I don't suppose you'd mind sharing some photos of your setup and gear, perhaps building guidelines if you have them? I'm decent at constructing things, and whatever I can't do, I've got a pretty good collection of family and friends that can. 

Also, thanks so so much for the link! For whatever reason I've been unable to find anything that can point me in the direction of joining the SCA, and I'd just resigned myself to waiting for the next Ren Faire and asking there.


----------



## smokeslastspot (Jan 11, 2012)

The sca main page may be easier to find info on if you are interested in joining. I had a high school teacher that first introduced me to it and I also have a couple co workers who are in so I've always had someone in person to ask questions of and rarely look at the website.

I can't post pictures at the moment but I can later. My work computer has photobucket blocked and that's where all my pics are. If I can get the internet at my house to work I will post what I have a bit later. I live kinda in a dead-ish zone as far as phone/internet signal. 

My coworker has the quintain, I think she said they just made up a plan for it using scrap parts.


----------



## DancingArabian (Jul 15, 2011)

Clearly we need to set up some groups and have at!

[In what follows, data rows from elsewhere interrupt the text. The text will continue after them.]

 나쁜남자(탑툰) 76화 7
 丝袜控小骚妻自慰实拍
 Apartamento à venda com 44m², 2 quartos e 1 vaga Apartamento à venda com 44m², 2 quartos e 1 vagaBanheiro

Anyone near central Maryland?
_Posted via Mobile Device_


----------



## smokeslastspot (Jan 11, 2012)

If anyone wants to come to arkansas they would be welcome! The group I was riding with has gotten too much trouble/drama to deal with so I have been playing by myself. The good thing about theses games is that they are a lot of fun either in a group or alone.


----------



## Country Boy (Jul 4, 2012)

I've never done any of those things. I've never even ridden English before.


----------



## Jessabel (Mar 19, 2009)

Hello, fellow corset enthusiast! :wave:

I've been tightlacing for about 6 months. So far, I've reduced my waist from 29'' to 24''. My goal is to have the classic Victorian ideal of 20 inches. I've never worn a riding corset, though. I've never even seen one for sale, but I'd love to try it.  I've always wanted to learn side saddle, too.


----------



## RubaiyateBandit (Jan 25, 2009)

So I got to snooping around the internet, and found building instructions for a quintain and ring tree and some other things. I figured I could share it here, if anyone else was interested.
Easy Equestrian Equipment

Already got all the stuff to make the ring tree/rings. x3


----------